The passage of Nigeria's Tax Reform and Revenue Mobilisation Act is genuinely historic. For years, economists, development agencies and domestic revenue experts have argued that Nigeria's tax-to-GDP ratio of 10.6% — among the lowest in the world — is the single largest constraint on the government's ability to build infrastructure, deliver public services and reduce dependence on oil.
The new legislation addresses this structural problem head-on. The VAT increase to 10% is overdue — Ghana, Côte d'Ivoire and Kenya all collect VAT at 12-15%. The digital services levy is inspired by measures already adopted in France, Italy, India and Kenya.
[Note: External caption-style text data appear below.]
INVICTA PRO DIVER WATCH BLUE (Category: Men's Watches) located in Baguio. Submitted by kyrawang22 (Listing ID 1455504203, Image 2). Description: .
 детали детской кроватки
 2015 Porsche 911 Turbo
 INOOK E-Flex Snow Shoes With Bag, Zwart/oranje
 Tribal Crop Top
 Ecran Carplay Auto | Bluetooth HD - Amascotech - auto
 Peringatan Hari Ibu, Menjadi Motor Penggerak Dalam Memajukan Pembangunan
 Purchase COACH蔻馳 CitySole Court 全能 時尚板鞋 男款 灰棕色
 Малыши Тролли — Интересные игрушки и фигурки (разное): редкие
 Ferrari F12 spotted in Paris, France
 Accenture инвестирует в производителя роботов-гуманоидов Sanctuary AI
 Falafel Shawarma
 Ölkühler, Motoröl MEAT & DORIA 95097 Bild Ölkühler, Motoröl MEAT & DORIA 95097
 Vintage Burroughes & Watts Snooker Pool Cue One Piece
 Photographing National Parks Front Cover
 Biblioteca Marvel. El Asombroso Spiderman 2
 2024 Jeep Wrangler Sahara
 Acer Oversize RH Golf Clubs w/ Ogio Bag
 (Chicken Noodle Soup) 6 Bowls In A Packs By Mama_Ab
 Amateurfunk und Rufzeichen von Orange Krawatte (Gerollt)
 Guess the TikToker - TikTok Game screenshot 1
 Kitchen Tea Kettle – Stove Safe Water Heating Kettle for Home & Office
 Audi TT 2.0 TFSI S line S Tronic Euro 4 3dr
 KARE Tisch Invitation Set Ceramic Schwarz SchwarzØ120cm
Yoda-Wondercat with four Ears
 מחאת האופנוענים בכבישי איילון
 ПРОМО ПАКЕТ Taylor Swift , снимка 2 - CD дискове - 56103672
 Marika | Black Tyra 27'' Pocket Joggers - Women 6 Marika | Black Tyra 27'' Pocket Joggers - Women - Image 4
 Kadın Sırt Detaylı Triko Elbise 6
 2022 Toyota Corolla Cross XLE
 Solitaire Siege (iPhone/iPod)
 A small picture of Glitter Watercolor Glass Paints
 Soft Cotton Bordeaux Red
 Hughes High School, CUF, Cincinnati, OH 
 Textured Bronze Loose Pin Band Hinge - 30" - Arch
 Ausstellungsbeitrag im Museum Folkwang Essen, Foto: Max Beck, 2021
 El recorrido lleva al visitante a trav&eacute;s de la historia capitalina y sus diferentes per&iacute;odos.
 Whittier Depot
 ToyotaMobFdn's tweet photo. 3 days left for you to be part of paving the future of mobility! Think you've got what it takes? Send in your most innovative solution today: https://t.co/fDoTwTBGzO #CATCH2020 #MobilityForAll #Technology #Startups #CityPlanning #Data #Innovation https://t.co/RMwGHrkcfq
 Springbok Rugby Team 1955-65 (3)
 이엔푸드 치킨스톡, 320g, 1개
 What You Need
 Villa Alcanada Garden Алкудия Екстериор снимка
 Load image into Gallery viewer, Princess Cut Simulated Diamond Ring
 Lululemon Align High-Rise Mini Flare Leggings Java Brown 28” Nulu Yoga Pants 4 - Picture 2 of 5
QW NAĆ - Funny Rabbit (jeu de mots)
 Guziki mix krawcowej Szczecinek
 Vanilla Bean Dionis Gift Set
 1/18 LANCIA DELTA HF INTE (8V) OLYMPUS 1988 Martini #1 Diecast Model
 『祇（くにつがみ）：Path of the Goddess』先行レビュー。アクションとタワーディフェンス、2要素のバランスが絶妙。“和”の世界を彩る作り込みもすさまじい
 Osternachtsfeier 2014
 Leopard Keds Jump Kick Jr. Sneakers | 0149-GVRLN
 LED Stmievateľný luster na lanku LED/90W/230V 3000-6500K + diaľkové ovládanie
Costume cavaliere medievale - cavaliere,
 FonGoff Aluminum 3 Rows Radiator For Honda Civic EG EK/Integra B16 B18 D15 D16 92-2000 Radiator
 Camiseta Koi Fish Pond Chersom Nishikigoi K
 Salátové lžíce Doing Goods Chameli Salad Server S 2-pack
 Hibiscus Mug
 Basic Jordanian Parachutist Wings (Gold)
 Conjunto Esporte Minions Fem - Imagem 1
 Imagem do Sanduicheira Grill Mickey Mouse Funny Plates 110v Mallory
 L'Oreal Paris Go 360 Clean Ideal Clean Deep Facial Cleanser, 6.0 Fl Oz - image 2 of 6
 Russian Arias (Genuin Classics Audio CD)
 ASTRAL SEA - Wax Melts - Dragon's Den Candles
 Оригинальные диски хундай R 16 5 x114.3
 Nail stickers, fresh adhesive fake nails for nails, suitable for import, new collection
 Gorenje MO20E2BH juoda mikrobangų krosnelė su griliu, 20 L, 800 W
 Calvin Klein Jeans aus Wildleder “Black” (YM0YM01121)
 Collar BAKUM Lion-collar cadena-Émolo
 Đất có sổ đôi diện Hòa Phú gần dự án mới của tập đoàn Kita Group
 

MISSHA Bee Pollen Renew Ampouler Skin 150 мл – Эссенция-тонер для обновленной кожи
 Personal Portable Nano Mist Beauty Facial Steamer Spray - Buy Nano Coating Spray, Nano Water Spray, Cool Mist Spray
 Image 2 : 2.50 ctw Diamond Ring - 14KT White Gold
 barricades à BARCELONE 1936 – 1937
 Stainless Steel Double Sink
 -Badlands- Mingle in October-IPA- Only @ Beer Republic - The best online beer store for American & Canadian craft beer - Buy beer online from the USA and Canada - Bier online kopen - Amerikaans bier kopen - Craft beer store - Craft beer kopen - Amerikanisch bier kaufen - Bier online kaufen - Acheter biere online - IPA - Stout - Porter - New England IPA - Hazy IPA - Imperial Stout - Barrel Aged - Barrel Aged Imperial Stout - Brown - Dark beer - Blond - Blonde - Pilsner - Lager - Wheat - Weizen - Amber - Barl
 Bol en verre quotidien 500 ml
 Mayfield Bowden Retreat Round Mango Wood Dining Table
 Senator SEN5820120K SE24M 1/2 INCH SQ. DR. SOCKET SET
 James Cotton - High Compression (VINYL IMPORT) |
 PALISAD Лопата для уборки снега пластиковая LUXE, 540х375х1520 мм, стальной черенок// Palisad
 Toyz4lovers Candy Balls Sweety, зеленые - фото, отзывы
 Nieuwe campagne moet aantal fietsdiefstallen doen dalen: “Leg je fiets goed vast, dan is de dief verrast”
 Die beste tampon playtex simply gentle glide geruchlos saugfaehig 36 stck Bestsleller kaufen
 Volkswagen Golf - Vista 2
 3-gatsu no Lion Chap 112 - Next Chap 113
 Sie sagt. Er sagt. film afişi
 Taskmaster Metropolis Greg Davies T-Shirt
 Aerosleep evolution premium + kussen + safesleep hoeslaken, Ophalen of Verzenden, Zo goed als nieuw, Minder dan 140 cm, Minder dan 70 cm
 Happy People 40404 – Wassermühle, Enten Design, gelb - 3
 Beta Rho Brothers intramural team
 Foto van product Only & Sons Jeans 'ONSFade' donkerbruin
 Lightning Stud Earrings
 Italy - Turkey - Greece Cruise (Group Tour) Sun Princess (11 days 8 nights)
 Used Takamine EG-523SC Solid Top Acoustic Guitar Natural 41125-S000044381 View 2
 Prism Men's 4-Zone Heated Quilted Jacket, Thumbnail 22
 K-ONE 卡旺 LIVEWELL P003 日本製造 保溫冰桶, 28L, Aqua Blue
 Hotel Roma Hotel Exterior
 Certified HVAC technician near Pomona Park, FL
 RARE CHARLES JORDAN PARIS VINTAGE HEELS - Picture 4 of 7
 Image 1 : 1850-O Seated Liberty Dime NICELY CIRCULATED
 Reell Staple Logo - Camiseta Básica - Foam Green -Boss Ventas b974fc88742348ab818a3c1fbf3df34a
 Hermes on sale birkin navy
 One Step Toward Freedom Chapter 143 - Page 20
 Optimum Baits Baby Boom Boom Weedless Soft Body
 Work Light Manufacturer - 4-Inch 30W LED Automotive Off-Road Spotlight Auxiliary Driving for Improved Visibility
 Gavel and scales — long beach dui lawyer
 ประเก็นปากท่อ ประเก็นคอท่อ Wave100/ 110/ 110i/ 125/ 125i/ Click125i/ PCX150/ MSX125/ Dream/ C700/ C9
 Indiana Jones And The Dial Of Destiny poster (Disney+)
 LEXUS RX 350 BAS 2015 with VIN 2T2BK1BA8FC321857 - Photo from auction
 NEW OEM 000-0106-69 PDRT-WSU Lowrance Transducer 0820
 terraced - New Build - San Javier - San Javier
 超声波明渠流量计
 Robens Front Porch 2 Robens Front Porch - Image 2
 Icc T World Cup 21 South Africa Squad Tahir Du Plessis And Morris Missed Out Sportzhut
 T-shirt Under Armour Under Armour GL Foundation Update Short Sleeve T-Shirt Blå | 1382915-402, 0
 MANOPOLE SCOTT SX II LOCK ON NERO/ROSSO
The corporate tax restructuring creates a more progressive system that protects small businesses while ensuring large multinationals pay their fair share.
But legislation is the easy part
Nigeria has a long history of excellent legislation that has delivered disappointing results because of weak implementation capacity. The Tax Administration Act of 2011 was supposed to transform the Federal Inland Revenue Service. In practice, it changed very little because the FIRS lacked the data infrastructure, the skilled manpower, and the political independence to enforce it effectively.
The same risk exists today. The FIRS currently identifies only 40 million taxpayers out of a population of over 220 million. It processes fewer than 2 million corporate tax returns annually in an economy with over 40 million registered businesses. Its digital systems cannot currently handle real-time data exchange with banks, telecoms companies and the CBN — the exchange that would be needed to enforce the new digital services levy effectively.
Good tax law without capable tax administration is like a map without roads. You can see where you want to go; you just cannot get there.
What needs to happen now
The government must immediately fund a FIRS transformation programme. This means: investing in data infrastructure that allows automatic identification and registration of taxpayers; hiring and training 15,000 additional FIRS staff over three years; passing operational independence for the FIRS so that political connections cannot override lawful assessments; and establishing a dedicated tax court system to resolve disputes quickly.
None of this is glamorous. None of it will get headlines the way the Senate vote did. But without it, this landmark legislation will join a long list of Nigerian laws that were celebrated at passage and forgotten at implementation.